• _Data extract_
***
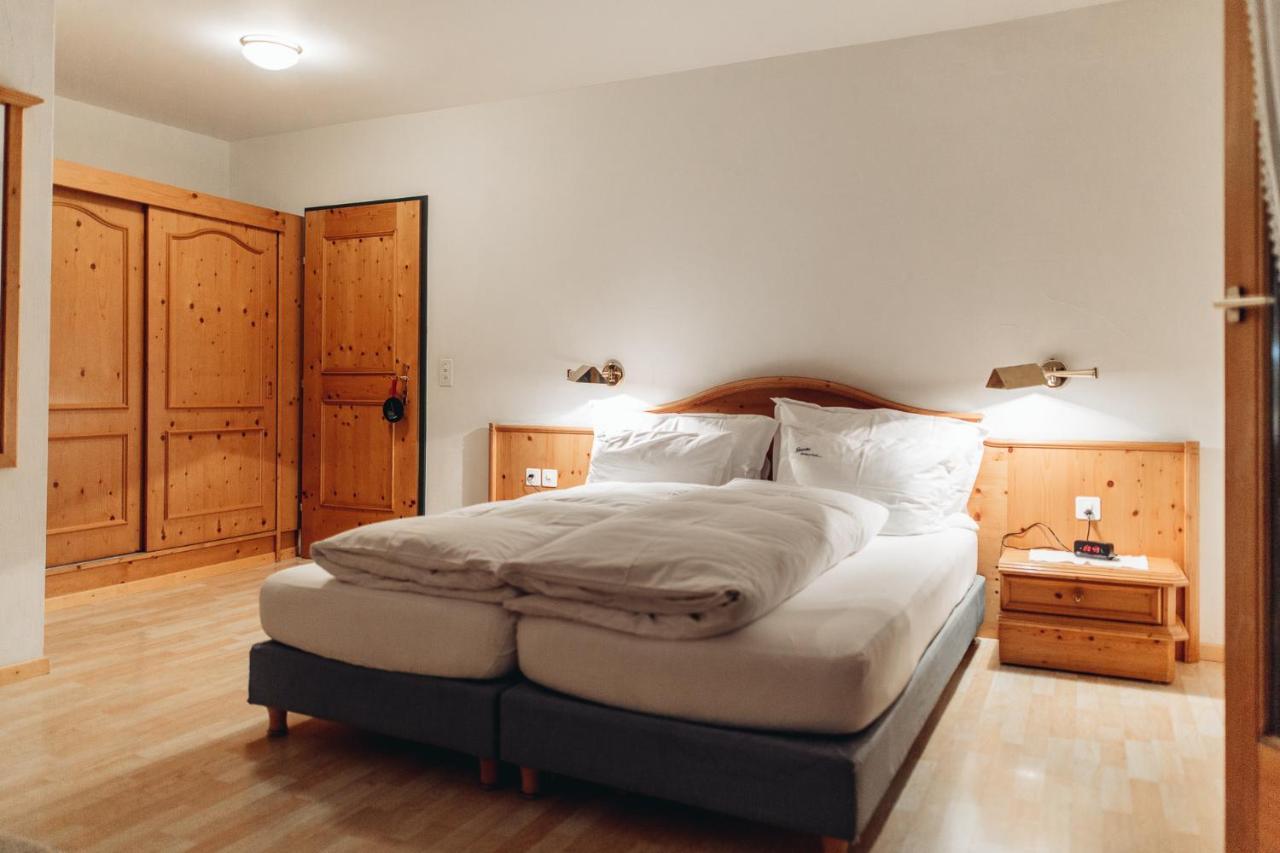 לנזרהיידה Hotel Spescha מראה חיצוני תמונה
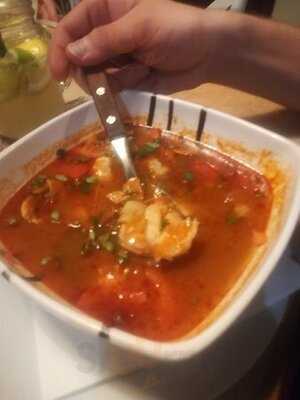 Tonett Pub Etterem Es Pizzeria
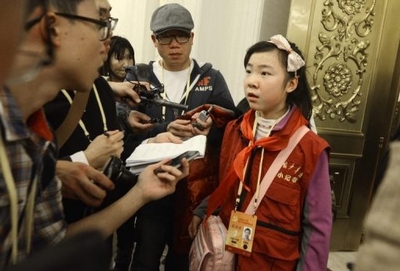 Cô bé lớp 6 làm quan chức Trung Quốc toát mồ hôi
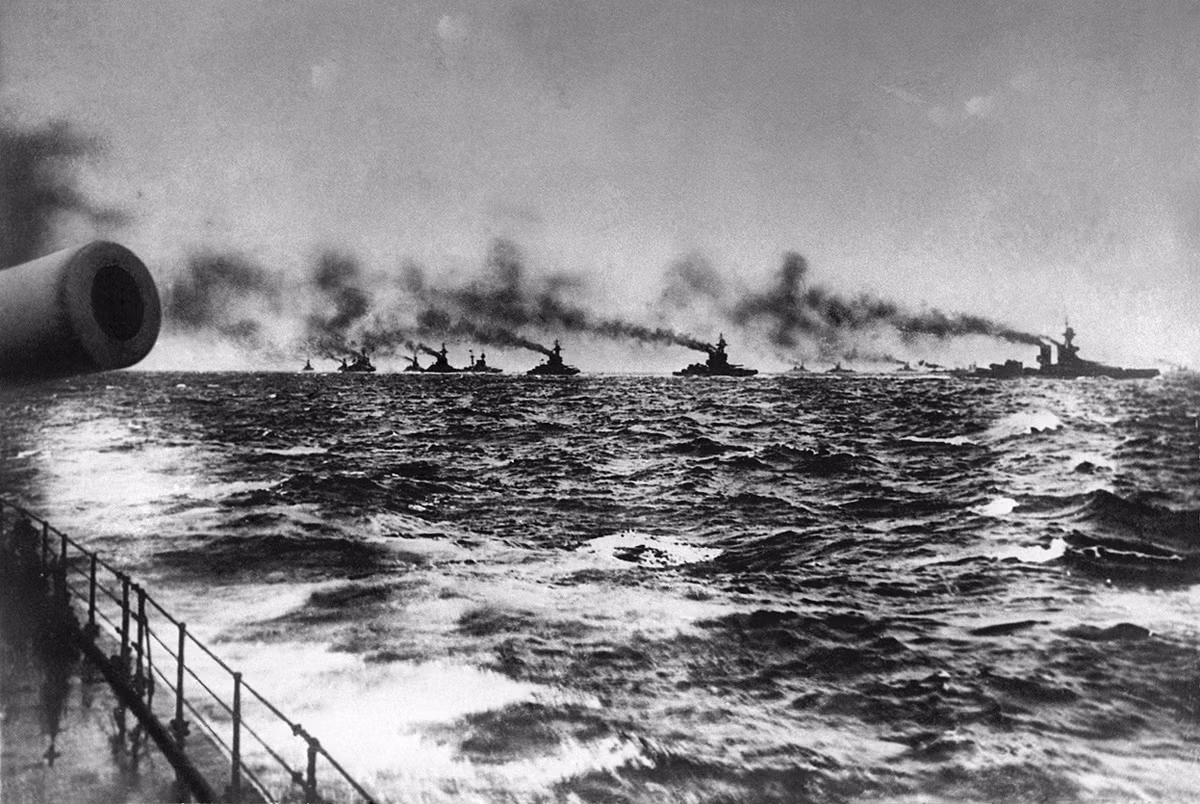 Hạm đội Hoàng gia Anh dưới sự chỉ huy của Đô đốc John Jellicoe đang trên đường tiến đến vị trí của Hải quân Đức, mở ra trận đánh Jutland trên khu vực biển Bắc vào ngày 31/5/1916. Ảnh: Theatlantic.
***
• _Work instructions_
Only the lines from the one with "Cô bé lớp 6" to the last line of the listing, inclusive, are to be set down, exactly as they stand and without pictures.

• _Exercise solution_
 Cô bé lớp 6 làm quan chức Trung Quốc toát mồ hôi
 Hạm đội Hoàng gia Anh dưới sự chỉ huy của Đô đốc John Jellicoe đang trên đường tiến đến vị trí của Hải quân Đức, mở ra trận đánh Jutland trên khu vực biển Bắc vào ngày 31/5/1916. Ảnh: Theatlantic.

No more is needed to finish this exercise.